In DispatchLab, a truck-shovel dispatch bench, the policy I most wanted to work was a Monte-Carlo rollout under cycle-time uncertainty. It wins 0 of 8 random seeds against a simpler assignment. A published null, not a quiet omission.

In PitForge, the exact core (a min-cut solving the ultimate pit limit to within 2e-9 of three published MineLib optima) is the star, and the grade neural net ties ordinary kriging (0.9613 vs 0.958) and never beats it.

In ProspectMap, on a real mineral belt, a trivial distance-to-deposit baseline (0.783) ties the best model. Most of the apparent skill is spatial proximity, and the app commits that as a verdict rather than hiding it.

In CardioPINN, the physics-informed reconstruction sits at parity with a 1970s Tikhonov baseline on point accuracy, on all four ECGi beats, and the benchmark page states it. The lesson there was about my own scorecard: replacing classical accuracy was never the goal, so parity is not a defeat. The method earns its place with the outputs the baseline cannot give, a calibrated per-node uncertainty (2-sigma coverage 0.89-0.90) and a resolved relative-pressure field, and the page states that positioning too.

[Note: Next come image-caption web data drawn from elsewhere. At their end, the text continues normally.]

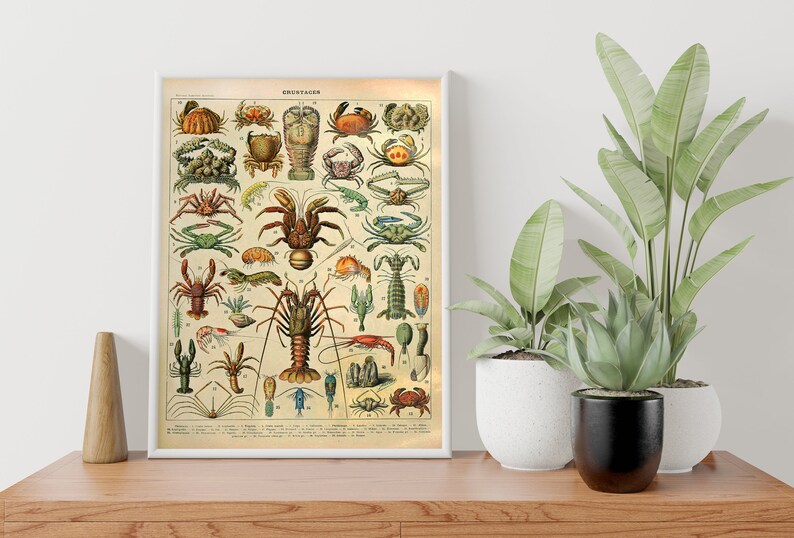 Puede incluir: Una impresi&oacute;n vintage enmarcada titulada "CRUSTACEOS" con ilustraciones detalladas de varios crust&aacute;ceos en tonos marr&oacute;n, verde y naranja. La impresi&oacute;n se exhibe sobre una superficie de madera con plantas en macetas en el fondo.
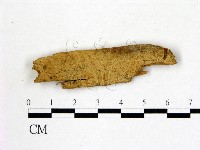 登錄號:F0017840藏品圖，第1張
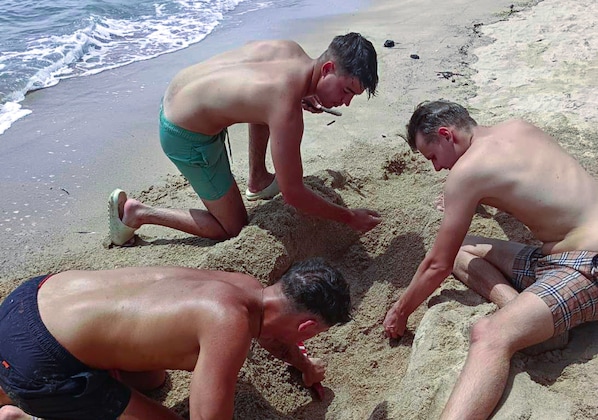 Beach nearby, free beach shuttle, 2 beach bars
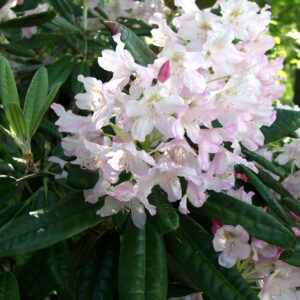 Alppiruusu 'Mikkeli'; 60-80, At 15L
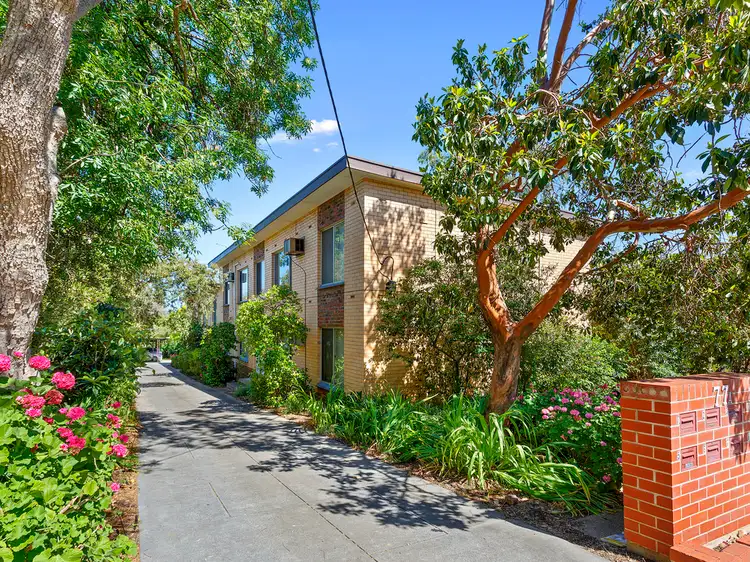 8/77a Lockwood Road, Burnside SA 5066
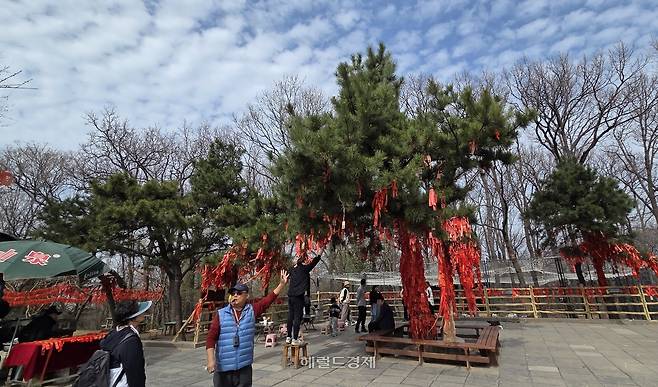 소원을 비는 나무에 묶인 붉은띠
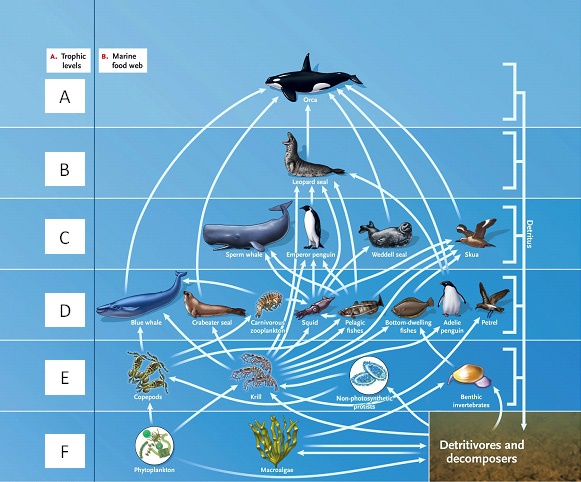 LABELING  Answer the question using the accompanying figure. Match the correct trophic level in the food web to the appropriate feeding relationship.     Figure 53.1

Even ChronoScope, a forecasting atlas where a foundation model does earn its place on some series, keeps the case where a one-line SeasonalNaive beats a foundation model on real data.

Six tools, six places where the method I was most excited about lost to the plain one. None of these is self-deprecation, and none of them makes the tools worse. Each has a real, exact or classical core doing the work; the learned layer sits on top and is measured against it in public, including when it trails. What the discipline buys is trust that survives contact. Someone who finds the one page where the tool is honest about its own failure has a reason to believe the numbers on all the others. A tool with no such page is asking to be taken on faith.

There is a version of this work that reports only the wins and never builds the page that could embarrass it. It looks more impressive and it is worth less. I would rather have the benchmark page that lets the boring method win when it deserves to, because a result I can stand behind when it goes against me is the only kind that is actually mine.